Chicago Schools Lose Ground in State Capitol

CHICAGO – Bondholders banking on the Chicago Public Schools’ ability to stabilize its rocky finances lost ground this week as the district’s labor woes intensified and lawmakers advanced an attack on its governance structure.

Dual blows came Thursday.

The first was delivered by the Illinois House, which overwhelmingly approved a bill to shift control of the junk-rated district from the city’s mayor to voters by making the school board elected.

Investors have a favorable view of the city’s support, so the perceived threat, even though it faces an uncertain fate, could further fuel already heightened worries over the district’s ability to return to solvency.
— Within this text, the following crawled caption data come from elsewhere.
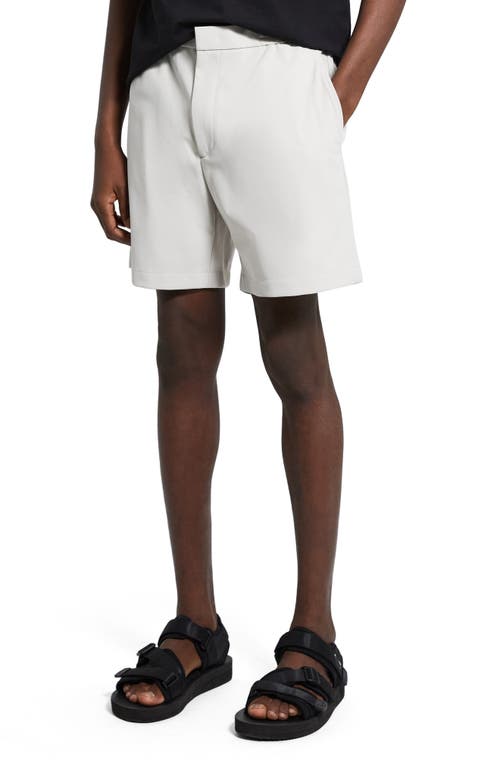 Theory Curtis Slim Fit Internal Drawstring Shorts In Fog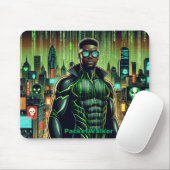 Cyber Warrior Custom Mousepad Muismat (Met muis)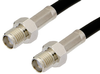 SMA Female to SMA Female Cable 60 Inch Length Using RG58 Coax - PE33547-60 - Pasternack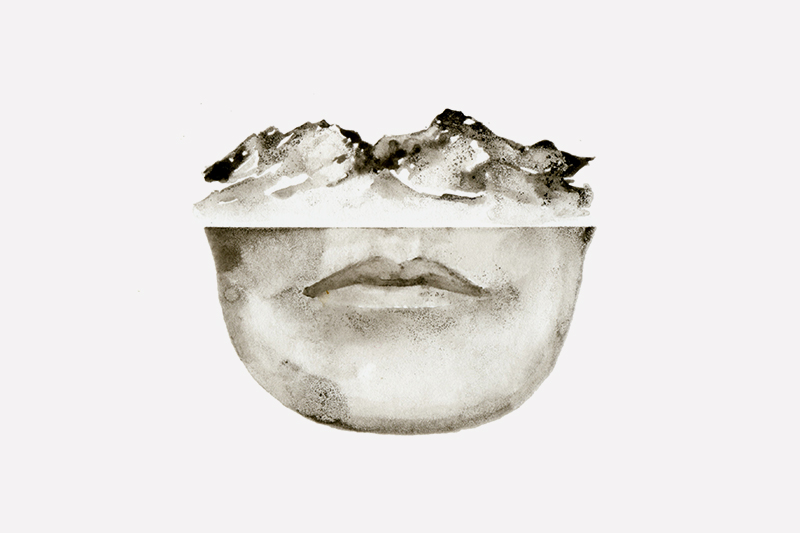 watercolor with natural pigments, surreal anatomy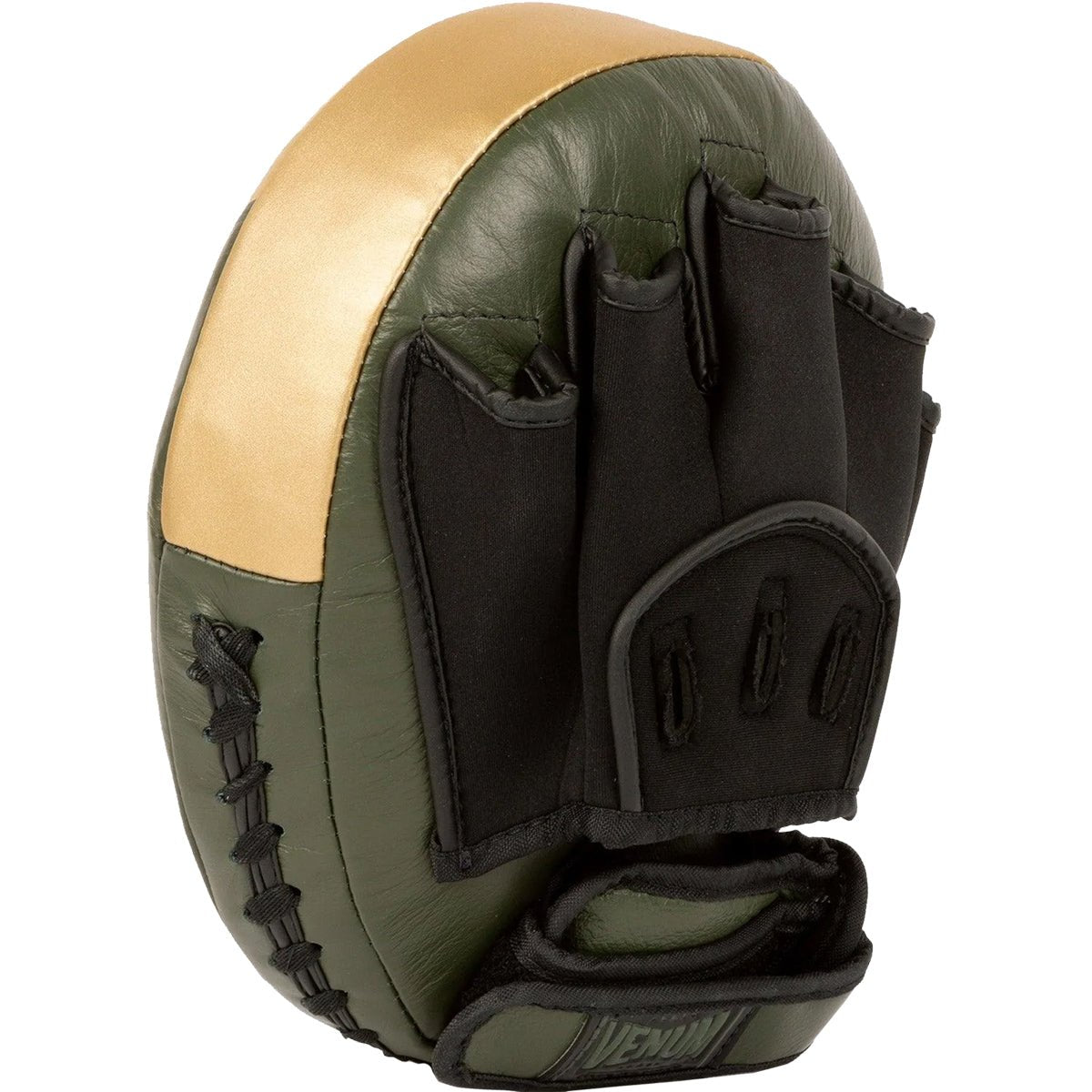 Venum Pro Boxing Large Punch Mitts - Khaki/Gold - Forza Sports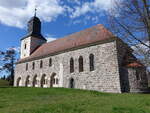 Hohenfinow, evangelische Kirche, Feldsteinkirche aus dem 13.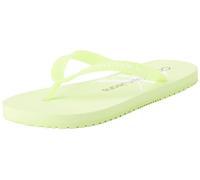 Calvin Klein Infradito Donna Beach Sandal Scarpe da Mare, Giallo (Lime Sorbet/Bright White), 39
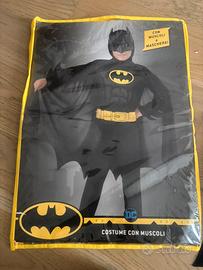 Vestito Carnevale batman taglia 3/4 anni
Just a couple hours after the House vote, which was cheered by the Chicago Teacher’s Union, CPS chief executive officer Forrest Claypool abruptly announced three furlough days for employees in the coming months.

The Chicago Teachers Union responded that the furloughs, on top of the district’s decision to end its practice of covering 7% of the teachers’ 9% pension contribution, “all but assures teachers will walk on April 1st.”

“The news for bondholders is negative as it affirms the dysfunction at the state and local level,” said Brian Battle, director of trading at Performance Trust Capital Partners. The district has more than $6 billion of outstanding debt.

“Bondholders and ratings agencies are looking for long-term, durable structural reforms that will ensure efficient and sustainable operations at CPS along with sustainable and durable revenue allocations,” Battle said.

The furloughs will save $30 million.

“It’s never easy to furlough employees, but our priority was to preserve instructional time for our students while preserving year-end cash and continuing to chip away at our budget gap,” Claypool said in a statement.

The district faces a $1.1 billion deficit in the coming school year and its cash flow position it tenuous because its budget relies on a request for $480 million of new state money that has gone nowhere with leaders in Springfield locked in an impasse that has left Illinois without a budget for the current year.

Short-term credit lines and the district's $725 million bond sale, which paid a steep 8.5% yield, will allow the district to stay afloat through the fiscal year, but it needs to line up fiscal 2017 credit lines. Gov. Bruce Rauner last week warned the district that the state could block future borrowing if a state board of education review finds it to be in “financial difficulty.”

That could also impact the district’s ability to set up new credit lines based on the tax anticipation note structure it has been using. The district has dismissed the threat saying it’s exempt from the laws cited by Rauner under the state’s school code. Rauner wants legislation allowing for a state takeover and potential bankruptcy, neither of which is permitted by existing statutes.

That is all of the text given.